■ PROVIDED MATERIAL

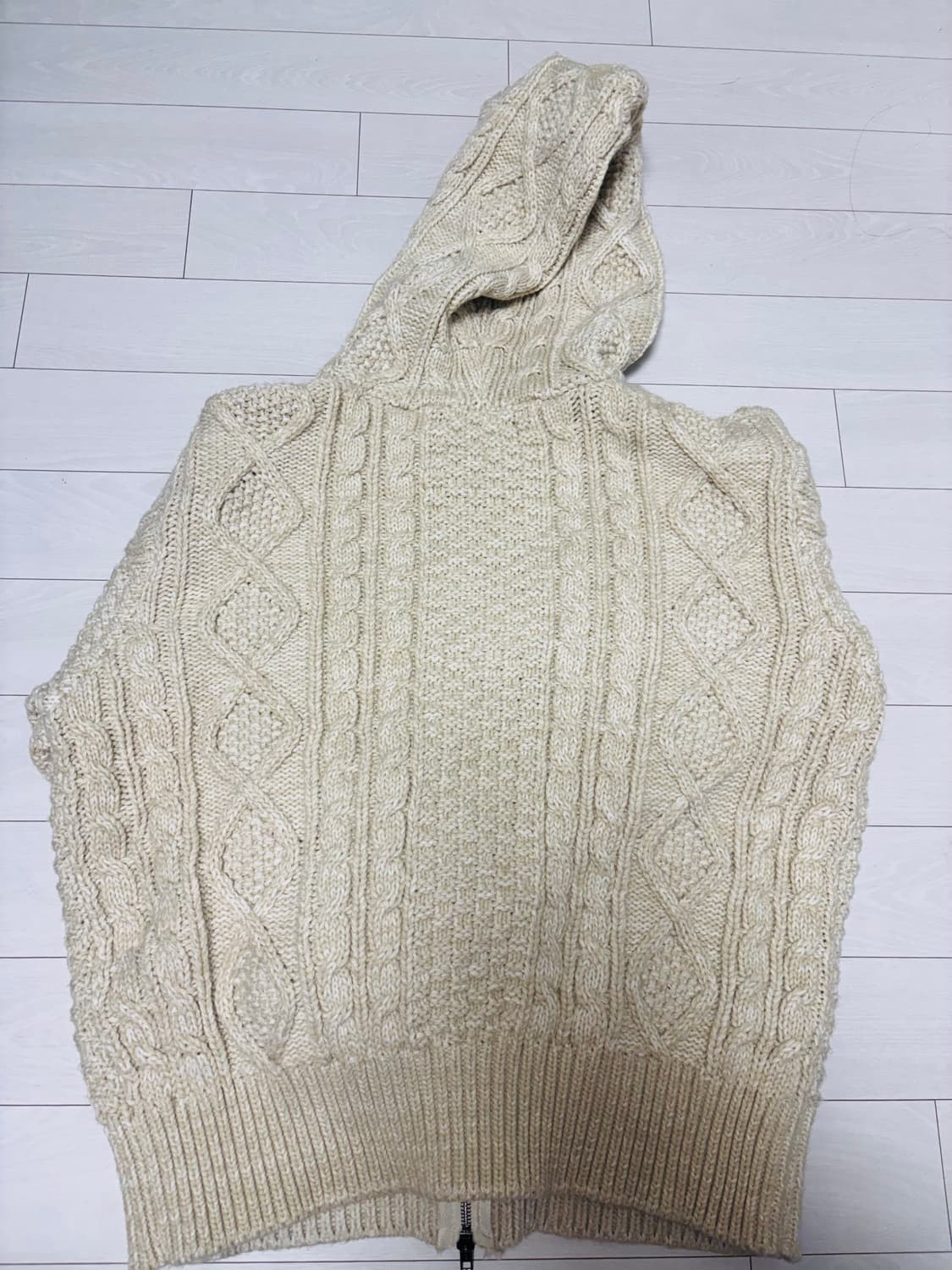 니트 후드집업 상품이미지2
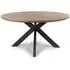 Beloit Large Round Dining Table - Rustic Oak, Wood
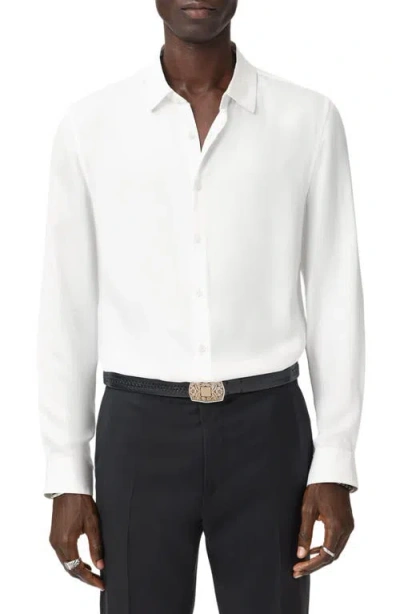 John Varvatos Ross Button-up Shirt In White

■ EXERCISE PROMPT
Starting at the line that contains "Beloit Large Round", please write out each line through the last line of the data, both ends included, and keep pictures out of the copy.

■ SOLUTION TO THIS PROBLEM
 Beloit Large Round Dining Table - Rustic Oak, Wood
 John Varvatos Ross Button-up Shirt In White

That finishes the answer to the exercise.